ABC News’ Alexa Keyes reports:
The social issues debate re-ignited on Capitol Hill today when senators killed a proposal to throw out President Obama’s contraception mandate. Conservative commentator Rush Limbaugh was thrust into the center of the debate after he called the woman who was denied the right to speak on the controversial all-male conception panel at a hearing last month a “slut” on his show Wednesday. The issue heated up more today when Limbaugh took his comments even further.
The conservative radio host’s remarks sparked an angry backlash from House Democrats, including House Minority Leader Nancy Pelosi of California and Rep. Carolyn Maloney, D-N.Y. But instead of heeding their requests for an apology, Limbaugh doubled down against what he called the “conniption fit” of the House Democrats.
Echoing Foster Friess, the single largest donor to the pro- Rick Santorum’s super PAC, Limbaugh said that he would “happily buy [Fluke] all the aspirin she wants.”
Limbaugh was referencing the comment Friess made in February when he said the “gals” in “his day” put aspirin between their legs in lieu of contraception. Limbaugh then expanded his offer to include the university’s entire female student body.
“I will buy all of the women at Georgetown University as much aspirin to put between their knees as they want,” he said.
Sandra Fluke, a third-year student at Georgetown University Law School, was barred from testifying by Rep. Darrell Issa, the committee chair at the faith-based hearing on Capitol Hill, because he deemed her unqualified. Issa said the panel was supposed to focus on religious freedom and Fluke is not a member of any clergy.
She eventually spoke to a Democratic hearing spearheaded by Pelosi on Feb. 23, where she talked about the need for birth control coverage. Fluke spoke of one friend in particular who needed contraception to prevent ovarian cysts.
Rush Limbaugh, though, had a different take on Fluke’s testimony. On his show Wednesday, he suggested that the reason Fluke cannot afford birth control is because she is having too much sex.
“Can you imagine if you’re her parents how proud of Sandra Fluke you would be?” he said. “Your daughter…testifies she’s having so much sex she can’t afford her own birth control pills and she agrees that Obama should provide them, or the pope.”
Fluke testified that without insurance coverage, contraception can cost a woman as much as $3,000 during law school.
“Three thousand dollars for birth control in three years? That’s a thousand dollars a year of sex — and, she wants us to pay for it,” Limbaugh said, adding that high school boys applying to college should consider Georgetown. “They’re admitting before congressional committee that they’re having so much sex they can’t afford the birth control pills!”
The conservative radio host continued: “What does it say about the college co-ed Sandra Fluke, who goes before a congressional committee and essentially says that she must be paid to have sex, what does that make her? It makes her a slut, right? It makes her a prostitute. She wants to be paid to have sex. She’s having so much sex she can’t afford the contraception. She wants you and me and the taxpayers to pay her to have sex. What does that make us? We’re the pimps.”

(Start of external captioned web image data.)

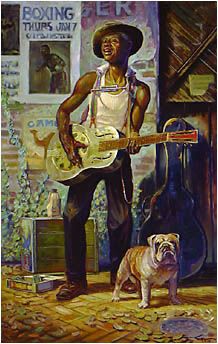 a painting of a man playing the guitar with his dog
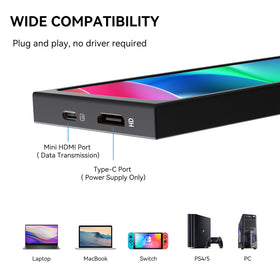 AISHICHEN mini monitor with 500-nits brightness and anti-glare for clear daytime viewing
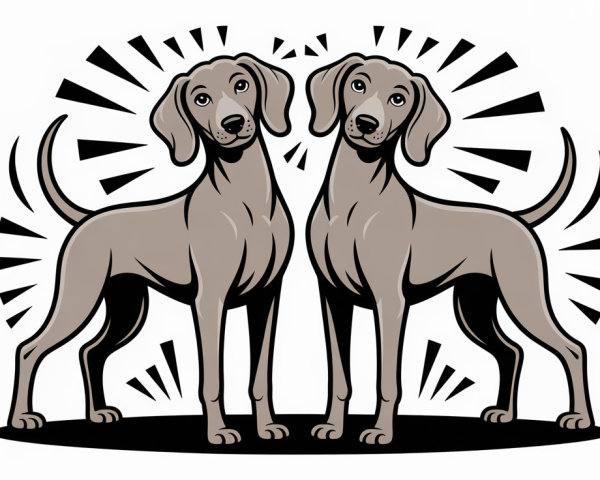 Stylized Illustration of Two Identical Dogs Side by Side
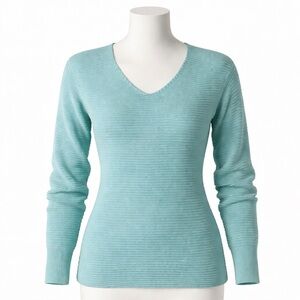 Tommy Bahama Aqua Ribbed V-Neck Knit Sweater XXS Cotton Blend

Limbaugh shied away from his word choice towards the end of his show, saying “So, she’s not a slut. She’s round-heeled. I take it back.” Round-heeled, though, is a euphemism for the same thing, an old-fashioned term for a “promiscuous woman.”

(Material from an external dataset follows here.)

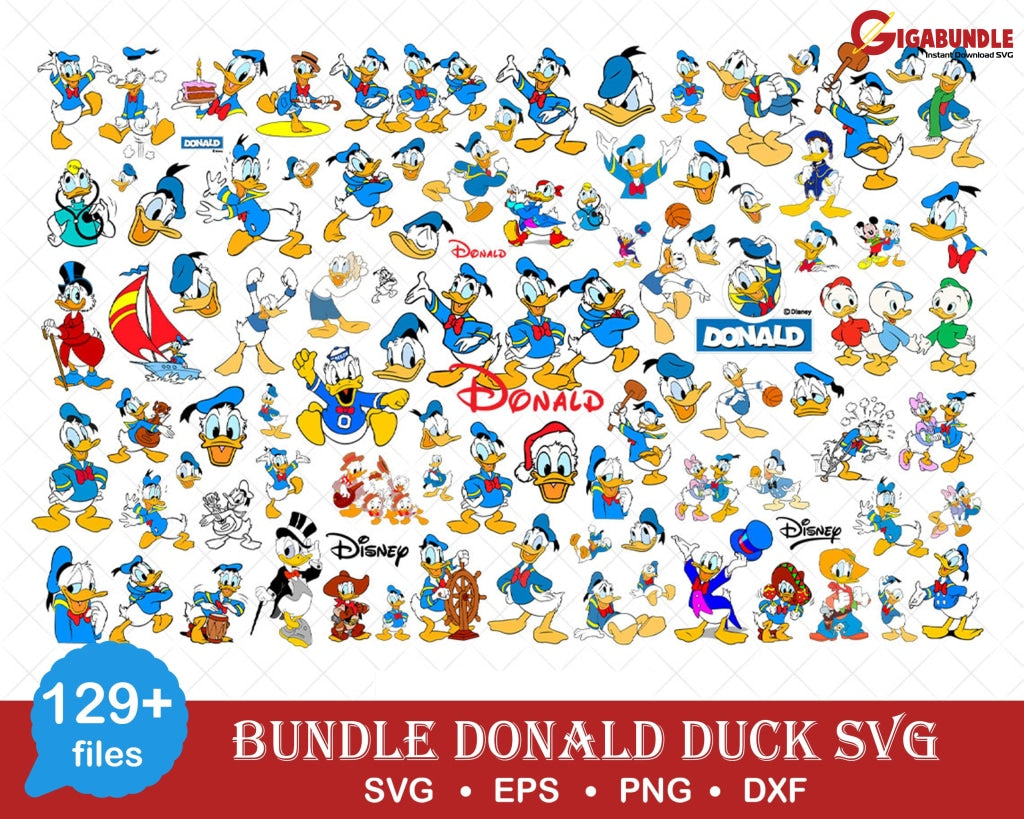 Disney Donald Duck Svg Bundle Files For Cricut Silhouette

On today’s show, Limbaugh turned up the heat and suggested that women who use insurance-covered birth control should post sex tapes online: “So Miss Fluke, and the rest of you Feminazis, here’s the deal. If we are going to pay for your contraceptives, and thus pay for you to have sex. We want something for it. We want you to post the videos online so we can all watch,” he said.

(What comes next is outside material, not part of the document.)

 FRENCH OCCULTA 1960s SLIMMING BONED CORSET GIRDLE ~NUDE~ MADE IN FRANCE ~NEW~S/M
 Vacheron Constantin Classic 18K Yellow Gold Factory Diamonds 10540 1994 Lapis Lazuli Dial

Limbaugh’s comments today came on the same day of the rejection of the “Blunt Amendment,” which would have repealed Obama’s controversial contraception rule.
The Democratic Congressional Campaign Committee drafted a petition today to ask Republican leaders to denounce Limbaugh’s “repulsive attacks on women,” DCCC spokesman Jesse Ferguson said.
“When it comes to Limbaugh,” Ferguson said, “expect the unexpected. But what should be expected is for Republican leaders to stand up and say they don’t want him to defend them anymore.”
More than 75 Democratic House Members signed a letter to House Speaker John Boehner on Thursday urging him to condemn Limbaugh’s remarks. Read the DCCC’s letter to Speaker Boehner here. And here is the list of signatures the petition has received so far.
UPDATE 5:11 p.m.: For her part, Fluke released a statement thanking those who went to bat on her behalf and condemning the remarks, though she did not call out anyone by name.
“We are fortunate to live in a democracy where everyone is entitled to their own opinions regarding legitimate policy differences. Unfortunately, numerous commentators have gone far beyond the acceptable bounds of civil discourse,” Fluke wrote. ”No woman deserves to be disrespected in this manner. This language is an attack on all women, and has been used throughout history to silence our voices. The millions of American women who have and will continue to speak out in support of women’s health care and access to contraception prove that we will not be silenced.”